Well...I have a funny one because you thought she was a boy originally, but I don't know if you will think it's too mean...lol..

Miss Take

:-D

Emy


----------



## Nazarath (Feb 20, 2007)

*hhmm she really is a breautiful thing isn't she? hhmm maybe Honey? she's got a sort of goldy silver color lol, sorry all I could pop up *


----------



## Taru (Jun 9, 2007)

Naming is hard! Miss Take just popped into my head, but really nothing else, and I'm going to have two little ones to name in about three weeks...and I've been thinking about it and I have no clue so far...lol

Good luck with your search for the perfect name uldaman!

Emy


----------



## ratluver25 (Jun 22, 2007)

cinnamon because she tan and looks so sweet. and for other sugar 




cinnamon and sugar always go together


----------



## Lestette (Jun 16, 2007)

I have a girl that looks exactly like that... I named her Claudia...
Yours looks more like a Mocha... or Cocoa


----------



## Beatle4 (Jun 10, 2007)

Sorry to be critical but Honey, Cinnamon and Mocha are very generic. This precious little girl needs a very special name. I don't find anything wrong with giving a female rat a masculine name. My girl's name is Splinter and that's the Ninja turtle rat's name ans the name "Splinter" was a gut feeling.

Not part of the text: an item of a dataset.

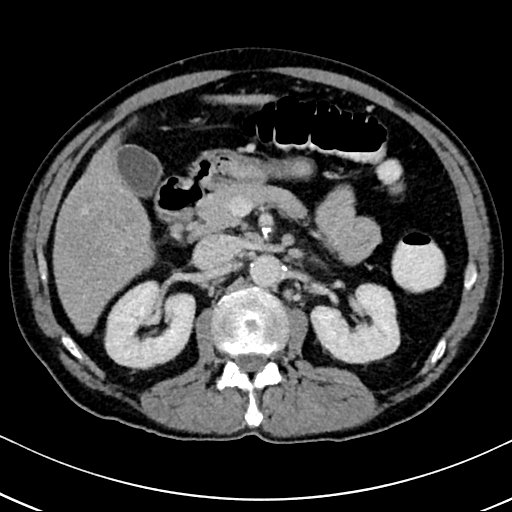 Chronic appendicitis complicated by appendicular abscess, pylephlebitis and liver abscess (Radiopaedia 54483-60700 B 60).jpg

Ethnic names can be very interesting and special type in words on translation websites like this one: http://ets.freetranslation.com/

I typed out "Rodent" and translated it to German and it came out as "Nagetier" Special was "Besonder" I tried Splanish and "Diminuto" means tiny. It's amazing what this thing come come up with.


----------



## Fuzzie (Apr 25, 2007)

lola? lol I love that song but the gender misconception is reversed, oh well.


----------



## Pomperella (Jun 4, 2007)

Jasmina is my name of choice today!


----------



## sonoma (May 26, 2007)

Bella- Italian for 'beautiful.'


----------



## mink (Jun 24, 2007)

Nezumi - means rat in japanese, recently I have visited a couple japanese baby name sites. 

I got Mika, which means having to do with the night sky, stars, and I think a name for the milky way.. I picked that cuz my Mika is black with white down her chest and belly.

And I recently named Kane, which means a few things like Tribute, warrior, and beautiful. I picked that because when I saw Kane all I could think was "Shes beautiful" and she also reminded me of my first rat Raziel so tribute kinda fits, and I want her to be strong like a warrior. 

Maya, Spike, Naru, Yuki, and Maxine were named after anime characters that their personalities reminded me of. 

Ruben was cuz he had ruby eyes
and Raziel was after that game Soul Reaver.. yea that long ago.. cuz I just fell in love with that name and he had white on the neck of his hood like the character's cape. 


My advice would be to think of something you really like, like candy or a game or something. My friend has cats named Onyxia and Rexxar, even.

I really wanted Ice cream for like a week when I won a goldfish at the fair.. so I now have an orange and white fish named Sherbert lol.


----------



## mink (Jun 24, 2007)

Maybe Onyxia or Lady Sylvanis? lol


----------